Dataset excerpts ▸

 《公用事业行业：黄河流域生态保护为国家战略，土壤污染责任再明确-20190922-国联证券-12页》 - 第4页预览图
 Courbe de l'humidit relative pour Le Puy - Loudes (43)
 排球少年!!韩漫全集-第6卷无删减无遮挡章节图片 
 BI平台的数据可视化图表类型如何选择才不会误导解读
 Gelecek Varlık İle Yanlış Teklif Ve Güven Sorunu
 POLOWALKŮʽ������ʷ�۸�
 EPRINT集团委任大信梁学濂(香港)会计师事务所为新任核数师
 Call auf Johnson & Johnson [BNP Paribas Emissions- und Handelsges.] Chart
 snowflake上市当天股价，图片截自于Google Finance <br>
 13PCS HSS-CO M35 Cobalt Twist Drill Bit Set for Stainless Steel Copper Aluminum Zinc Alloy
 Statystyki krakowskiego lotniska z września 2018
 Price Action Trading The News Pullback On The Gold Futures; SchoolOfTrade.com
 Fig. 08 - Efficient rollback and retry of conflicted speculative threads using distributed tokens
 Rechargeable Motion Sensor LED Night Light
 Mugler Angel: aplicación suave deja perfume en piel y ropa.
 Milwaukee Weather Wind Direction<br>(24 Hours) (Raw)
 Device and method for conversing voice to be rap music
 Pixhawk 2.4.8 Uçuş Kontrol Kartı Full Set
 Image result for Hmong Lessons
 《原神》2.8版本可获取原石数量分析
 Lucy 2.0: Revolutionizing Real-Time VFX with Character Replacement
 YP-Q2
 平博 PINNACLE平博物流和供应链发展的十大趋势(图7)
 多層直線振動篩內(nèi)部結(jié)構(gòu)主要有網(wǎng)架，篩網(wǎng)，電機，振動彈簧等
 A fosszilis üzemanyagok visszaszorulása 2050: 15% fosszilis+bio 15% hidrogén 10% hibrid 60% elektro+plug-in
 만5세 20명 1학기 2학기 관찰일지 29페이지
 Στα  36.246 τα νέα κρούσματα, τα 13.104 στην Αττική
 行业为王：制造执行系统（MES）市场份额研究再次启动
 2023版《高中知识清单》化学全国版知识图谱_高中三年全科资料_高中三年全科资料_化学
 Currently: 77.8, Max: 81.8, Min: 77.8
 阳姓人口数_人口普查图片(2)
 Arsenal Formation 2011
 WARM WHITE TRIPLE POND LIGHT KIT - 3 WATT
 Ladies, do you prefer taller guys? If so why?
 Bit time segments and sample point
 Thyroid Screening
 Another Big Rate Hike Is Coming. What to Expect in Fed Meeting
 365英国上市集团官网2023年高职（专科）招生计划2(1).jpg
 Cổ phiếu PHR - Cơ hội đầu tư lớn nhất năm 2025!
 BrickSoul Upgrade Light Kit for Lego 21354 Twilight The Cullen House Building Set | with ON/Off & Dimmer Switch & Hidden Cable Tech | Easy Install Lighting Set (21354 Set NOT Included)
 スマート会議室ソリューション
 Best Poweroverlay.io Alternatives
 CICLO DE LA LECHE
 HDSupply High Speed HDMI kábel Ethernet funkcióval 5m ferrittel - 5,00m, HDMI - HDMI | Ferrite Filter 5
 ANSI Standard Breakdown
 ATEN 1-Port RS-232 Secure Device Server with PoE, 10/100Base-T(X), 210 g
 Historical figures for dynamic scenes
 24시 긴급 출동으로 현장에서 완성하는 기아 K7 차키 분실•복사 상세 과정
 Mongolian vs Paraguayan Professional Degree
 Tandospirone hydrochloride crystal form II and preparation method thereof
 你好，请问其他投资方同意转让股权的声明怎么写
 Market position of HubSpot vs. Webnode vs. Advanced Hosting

WHAT YOU NEED TO DO ▸ Copy out every record exactly; leave nothing out.

TASK OUTPUT ▸
 《公用事业行业：黄河流域生态保护为国家战略，土壤污染责任再明确-20190922-国联证券-12页》 - 第4页预览图
 Courbe de l'humidit relative pour Le Puy - Loudes (43)
 排球少年!!韩漫全集-第6卷无删减无遮挡章节图片 
 BI平台的数据可视化图表类型如何选择才不会误导解读
 Gelecek Varlık İle Yanlış Teklif Ve Güven Sorunu
 POLOWALKŮʽ������ʷ�۸�
 EPRINT集团委任大信梁学濂(香港)会计师事务所为新任核数师
 Call auf Johnson & Johnson [BNP Paribas Emissions- und Handelsges.] Chart
 snowflake上市当天股价，图片截自于Google Finance <br>
 13PCS HSS-CO M35 Cobalt Twist Drill Bit Set for Stainless Steel Copper Aluminum Zinc Alloy
 Statystyki krakowskiego lotniska z września 2018
 Price Action Trading The News Pullback On The Gold Futures; SchoolOfTrade.com
 Fig. 08 - Efficient rollback and retry of conflicted speculative threads using distributed tokens
 Rechargeable Motion Sensor LED Night Light
 Mugler Angel: aplicación suave deja perfume en piel y ropa.
 Milwaukee Weather Wind Direction<br>(24 Hours) (Raw)
 Device and method for conversing voice to be rap music
 Pixhawk 2.4.8 Uçuş Kontrol Kartı Full Set
 Image result for Hmong Lessons
 《原神》2.8版本可获取原石数量分析
 Lucy 2.0: Revolutionizing Real-Time VFX with Character Replacement
 YP-Q2
 平博 PINNACLE平博物流和供应链发展的十大趋势(图7)
 多層直線振動篩內(nèi)部結(jié)構(gòu)主要有網(wǎng)架，篩網(wǎng)，電機，振動彈簧等
 A fosszilis üzemanyagok visszaszorulása 2050: 15% fosszilis+bio 15% hidrogén 10% hibrid 60% elektro+plug-in
 만5세 20명 1학기 2학기 관찰일지 29페이지
 Στα  36.246 τα νέα κρούσματα, τα 13.104 στην Αττική
 行业为王：制造执行系统（MES）市场份额研究再次启动
 2023版《高中知识清单》化学全国版知识图谱_高中三年全科资料_高中三年全科资料_化学
 Currently: 77.8, Max: 81.8, Min: 77.8
 阳姓人口数_人口普查图片(2)
 Arsenal Formation 2011
 WARM WHITE TRIPLE POND LIGHT KIT - 3 WATT
 Ladies, do you prefer taller guys? If so why?
 Bit time segments and sample point
 Thyroid Screening
 Another Big Rate Hike Is Coming. What to Expect in Fed Meeting
 365英国上市集团官网2023年高职（专科）招生计划2(1).jpg
 Cổ phiếu PHR - Cơ hội đầu tư lớn nhất năm 2025!
 BrickSoul Upgrade Light Kit for Lego 21354 Twilight The Cullen House Building Set | with ON/Off & Dimmer Switch & Hidden Cable Tech | Easy Install Lighting Set (21354 Set NOT Included)
 スマート会議室ソリューション
 Best Poweroverlay.io Alternatives
 CICLO DE LA LECHE
 HDSupply High Speed HDMI kábel Ethernet funkcióval 5m ferrittel - 5,00m, HDMI - HDMI | Ferrite Filter 5
 ANSI Standard Breakdown
 ATEN 1-Port RS-232 Secure Device Server with PoE, 10/100Base-T(X), 210 g
 Historical figures for dynamic scenes
 24시 긴급 출동으로 현장에서 완성하는 기아 K7 차키 분실•복사 상세 과정
 Mongolian vs Paraguayan Professional Degree
 Tandospirone hydrochloride crystal form II and preparation method thereof
 你好，请问其他投资方同意转让股权的声明怎么写
 Market position of HubSpot vs. Webnode vs. Advanced Hosting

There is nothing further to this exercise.